## Task goal
The pictures stay out; everything else in the entries below must be returned exactly.

## Provided entries

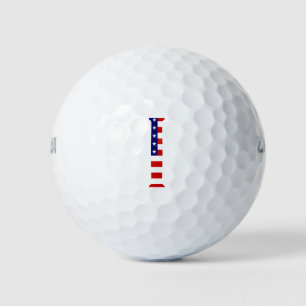I Monogram overlaid on USA Flag wu gbcnt Golf Balls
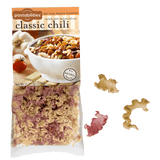 Front view of Pastabilities Classic Chili pasta bag showing 'classic chili' label, bowl of chili photo, 11.25 oz weight and tri-color ruffled pasta
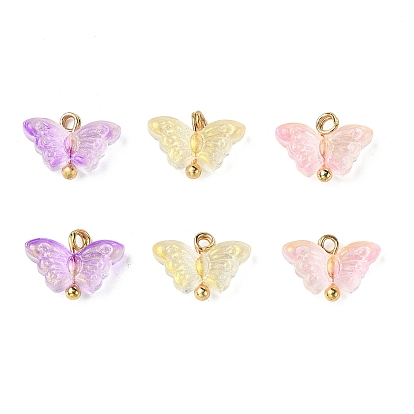 Сплав стекла подвески, бабочки прелести, золотые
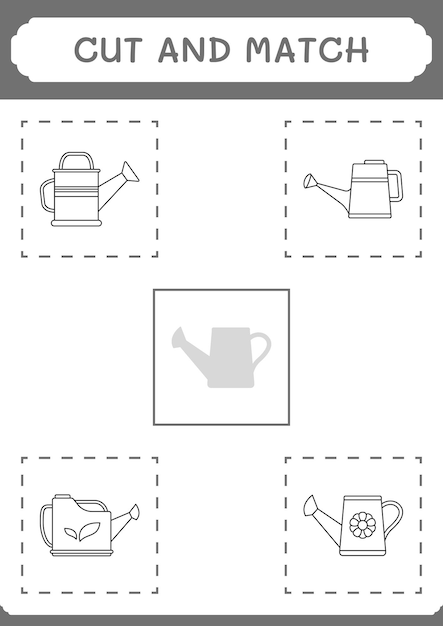 Cut and match parts of Watering can game for children Vector illustration printable worksheet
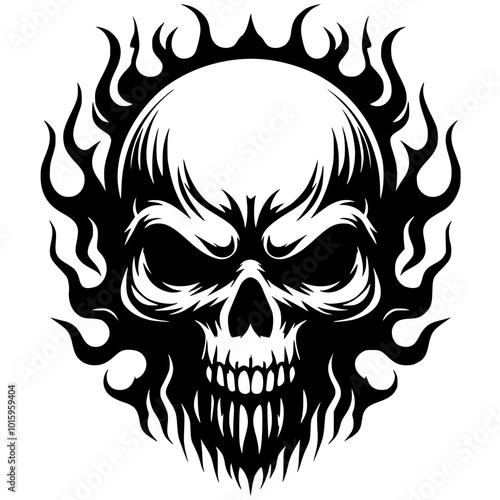 Heavy metal skull t-shirt design silhouette
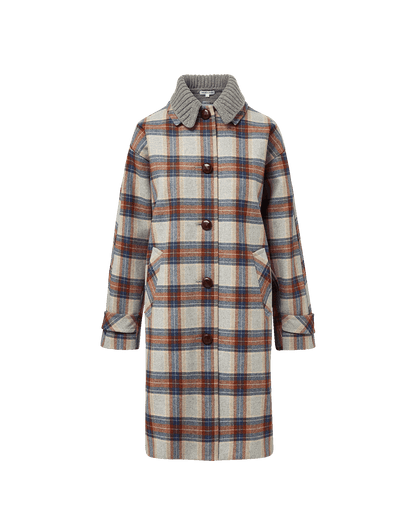 Laurent Removable-Collar Dickey Coat in Heather Grey & Red Plaid Multi - Veronica Beard Exclusive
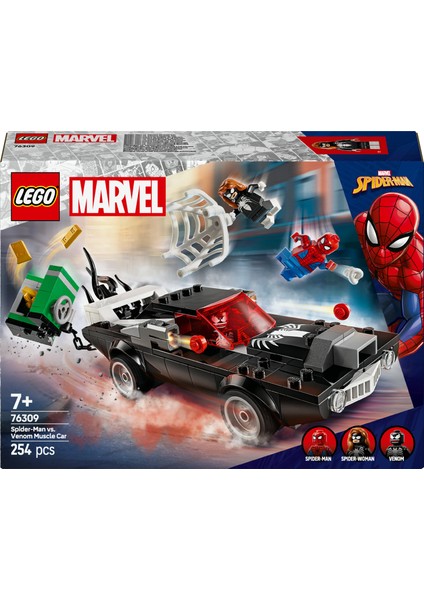 ® Marvel Örümcek Adam, Venom Arabasına Karşı 76309 - 7 Yaş & Üzeri Çocuklar için Yaratıcı Oyuncak Yapım Seti (254 Parça)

## Answer space
I Monogram overlaid on USA Flag wu gbcnt Golf Balls
 Front view of Pastabilities Classic Chili pasta bag showing 'classic chili' label, bowl of chili photo, 11.25 oz weight and tri-color ruffled pasta
 Сплав стекла подвески, бабочки прелести, золотые
 Cut and match parts of Watering can game for children Vector illustration printable worksheet
 Heavy metal skull t-shirt design silhouette
 Laurent Removable-Collar Dickey Coat in Heather Grey & Red Plaid Multi - Veronica Beard Exclusive
 ® Marvel Örümcek Adam, Venom Arabasına Karşı 76309 - 7 Yaş & Üzeri Çocuklar için Yaratıcı Oyuncak Yapım Seti (254 Parça)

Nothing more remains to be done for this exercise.